Sometimes you can beat free! You can outlive the free / freeware competitors, because they're often not making money!
Remember Google often kills off their services. They bought Picasa & the Nik Photography Collection & made them both available for free... now Picasa is gone (even though there's a ton of customers who still want it), and Google sold the Nik Collection to DxO and it's back to costing $70 again. And Fastmail exists even though Gmail is free.

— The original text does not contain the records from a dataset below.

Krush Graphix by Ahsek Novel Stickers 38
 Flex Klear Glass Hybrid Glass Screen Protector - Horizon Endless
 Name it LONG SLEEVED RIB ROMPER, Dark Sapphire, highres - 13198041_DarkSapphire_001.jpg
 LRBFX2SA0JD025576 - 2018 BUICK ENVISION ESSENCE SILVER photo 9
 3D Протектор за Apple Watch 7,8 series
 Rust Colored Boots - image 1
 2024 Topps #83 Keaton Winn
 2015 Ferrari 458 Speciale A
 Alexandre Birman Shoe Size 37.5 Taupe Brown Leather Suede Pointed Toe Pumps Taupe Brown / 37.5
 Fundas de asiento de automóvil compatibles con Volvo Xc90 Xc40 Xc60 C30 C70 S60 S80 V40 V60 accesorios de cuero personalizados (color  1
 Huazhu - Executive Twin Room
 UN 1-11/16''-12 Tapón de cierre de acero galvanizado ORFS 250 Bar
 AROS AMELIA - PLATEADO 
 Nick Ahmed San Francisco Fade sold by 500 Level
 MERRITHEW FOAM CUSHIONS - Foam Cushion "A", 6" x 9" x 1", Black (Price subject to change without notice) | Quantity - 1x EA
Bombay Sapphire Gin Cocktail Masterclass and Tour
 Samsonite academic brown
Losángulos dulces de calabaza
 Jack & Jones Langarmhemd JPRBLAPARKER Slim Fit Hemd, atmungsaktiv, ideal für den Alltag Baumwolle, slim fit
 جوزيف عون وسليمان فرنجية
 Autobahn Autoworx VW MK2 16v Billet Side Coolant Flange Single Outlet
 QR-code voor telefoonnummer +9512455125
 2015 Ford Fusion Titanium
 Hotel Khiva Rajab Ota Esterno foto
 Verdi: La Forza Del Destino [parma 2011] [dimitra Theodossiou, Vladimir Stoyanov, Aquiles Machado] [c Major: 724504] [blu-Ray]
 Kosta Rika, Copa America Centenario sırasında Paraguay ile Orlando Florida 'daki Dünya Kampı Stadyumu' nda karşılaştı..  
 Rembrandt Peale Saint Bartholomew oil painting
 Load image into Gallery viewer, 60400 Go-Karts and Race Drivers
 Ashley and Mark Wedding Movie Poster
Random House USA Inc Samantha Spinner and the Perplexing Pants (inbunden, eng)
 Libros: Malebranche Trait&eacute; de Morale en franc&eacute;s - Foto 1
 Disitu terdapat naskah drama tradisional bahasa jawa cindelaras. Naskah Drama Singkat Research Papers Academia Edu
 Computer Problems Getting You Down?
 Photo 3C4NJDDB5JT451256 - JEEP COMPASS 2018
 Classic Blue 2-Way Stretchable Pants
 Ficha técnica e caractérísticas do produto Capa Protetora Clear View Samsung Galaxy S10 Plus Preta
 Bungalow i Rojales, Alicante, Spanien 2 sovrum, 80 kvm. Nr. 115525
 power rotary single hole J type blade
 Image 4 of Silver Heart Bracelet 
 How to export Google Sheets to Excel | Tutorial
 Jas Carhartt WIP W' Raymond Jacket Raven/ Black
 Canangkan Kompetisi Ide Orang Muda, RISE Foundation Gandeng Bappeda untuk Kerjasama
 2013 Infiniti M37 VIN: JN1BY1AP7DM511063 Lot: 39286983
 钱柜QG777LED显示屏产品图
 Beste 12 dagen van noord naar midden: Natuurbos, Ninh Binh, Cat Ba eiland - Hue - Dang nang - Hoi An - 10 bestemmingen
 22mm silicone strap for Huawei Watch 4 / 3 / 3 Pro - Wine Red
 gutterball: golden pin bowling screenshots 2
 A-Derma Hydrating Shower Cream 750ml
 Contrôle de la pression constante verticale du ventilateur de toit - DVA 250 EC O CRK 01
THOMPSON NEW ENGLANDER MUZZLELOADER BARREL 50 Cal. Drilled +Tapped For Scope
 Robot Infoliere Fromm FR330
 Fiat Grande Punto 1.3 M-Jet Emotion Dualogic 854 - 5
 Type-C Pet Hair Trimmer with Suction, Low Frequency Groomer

Google is not known for providing friendly personal customer service... so why not aim to get your customers saying "yeah XYZ costs more, but oh my god, they have the friendliest & most hilarious people answering their emails, and they actually fixed my problem!" You can only do that if you've got money coming in to pay for the support team (you want to pay your employees well too, right?) Derek Sivers has some great ideas on doing awesome customer service:
(Anyway, just some food for thought. Sometimes pricing cheap is absolutely the right thing, sometimes Charge More is the right thing. Experiment with both!)
I said on price. Beating service on stability and support is not competing on price - that is very much possible. You can compete with Google on both of you aim at their enterprise package or cloud offering.
You can compete on price. But definitely depends on your niche and market segment though.
There are plenty of users who are not happy with how the big companies create products. Google and Apple create for the mass market and in the process generally eschew features, functionality and quality of life improvements which a certain subset of users demand. That's why people pay for Evernote, Todoist etc even though Google/Apple notes and reminders exist. Some companies have even raised VC funding for creating calendar apps even when Google calendar exists.
If your potential customer is happy with the free product, then they were potentially never your customer in the first place. Creating product in such a niche won't be easy nor will it make you a billionaire. But there's a decent chunk of money to be made in both B2B and B2C.